4.1 Co-ordinating Science and Industrial Communities
14. In delivering the first phase of the
lifecycle, there has been a drifting apart of the scientific and
industrial communities over the last 10 years, leading to a loss
of effectiveness in developing new sensors able to meet the emerging
science challenges.
15. A recent initiative by NERC and DTI
to establish the Centre for Earth Observation Instrumentation
(CEOI) aims to address the drifting apart of the science and industrial
communities. The CEOI has a clear remit to collect the emerging
science needs and translate those into relevant space technology
and instruments. Through this, we expect to see an improvement
in UK coordination which will only be turned into delivery of
high quality science if the supporting UK Space policy is better
coordinated than at present.
4.2. Delivery of long-term public good
16. In the second phase of the lifecycle,
the UKs "centrifugal" space policy is based on laudable
aims of engaging with user departments to ensure that, in the
first instance, funding is directed at those space programmes
with the greatest policy benefits, and secondly that these departments
are then best placed to shape and benefit from them. However,
the reality of space-based programmes is that they invariably
benefit a number of departments. Other countries recognise this
fact by investing in a funded central space agency with dedicated
expertise in space applications, which can then make informed
decisions for the whole of Government. The UK's British National
Space Centre is more of a secretariat, comprising around 30 highly-skilled
staff compared to, say 1,500 in its French equivalent, CNES. It
therefore relies heavily on the engagement of user departments.
17. However, the history of decision-making
under the UK's user-driven space strategy demonstrates clearly
that user departments, when given the lead responsibility, find
it difficult to consider broader benefits outside their own departmental
remits. Space decision-making therefore works best in Britain
when the benefits clearly fit within the remit and expertise of
the lead agencies within Government. For example, in the field
of Earth observation, NERC's commitment to scientific environmental
research.
18. At the policy level, environmental monitoring
is supported by strong words. Both the Prime Minister's Natural
Hazards Working Group and the UKs 2005 G8 Summit both committed
strong UK support to strengthening environmental monitoring to
tackle climate change and natural disasters. Europe's flagship
environmental monitoring programme, GMES, should therefore have
topped the UK's space policy agenda, given the happy coincidence
of policy support for tackling Climate Change; recognition of
the role of environmental monitoring; and the UKs undisputed world
leadership in environmental space science and technology.

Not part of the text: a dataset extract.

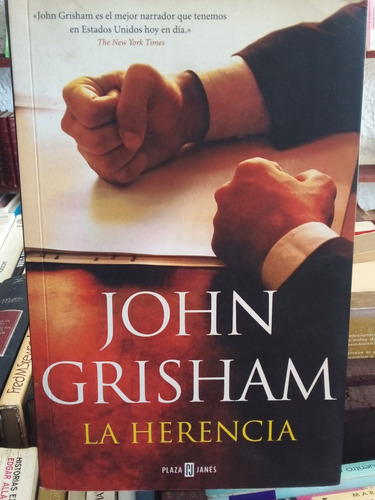 La Herencia. John Grisham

However,
in December 2005, the UK opted to commit the minimal (1/4 GDP)
funding allowed into GMESthe UK's investment of £4
million per annum compares with £20 million per annum from
France and £24 million per annum from Germany.
19. The UK decision over GMES was caused
by three main factors: firstly, the lead Department, Defra, did
not significantly value those benefits from GMES outside its own
departmental remit, specifically the socio-economic benefits.
Secondly, Defra lacked the in-house expertise in Earth observation
that would have allowed it to make an informed decision on behalf
of the UK; and thirdly, there was an inadequate structure in place
to coordinate decision-making across Government departments.
4.3 Recommendations
20. To maximise public benefits from space,
and to improve policy coordination across Government, EADS Astrium
Ltd. recommends:
Continued successful lead in
the UK of NERC for the Earth Explorer programme at ESA.
Long-term commitment of NERC
and DTI to the Centre for EO Instrumentation, ensuring that the
virtuous circle between science, technology and instrumentation
is effective in all spheres of Earth scienceincluding the
oceans.
An urgent reassessment by Government
of the UK's approach to GMESincluding the roles and responsibilities
of the lead department, DEFRA, in coordinating with the other
stakeholders: NERC, DTI, MOD and possible DfID. EADS Astrium remains
seriously concerned that, when the second phase of GMES requires
funding later this year, the UK could remain under-prepared.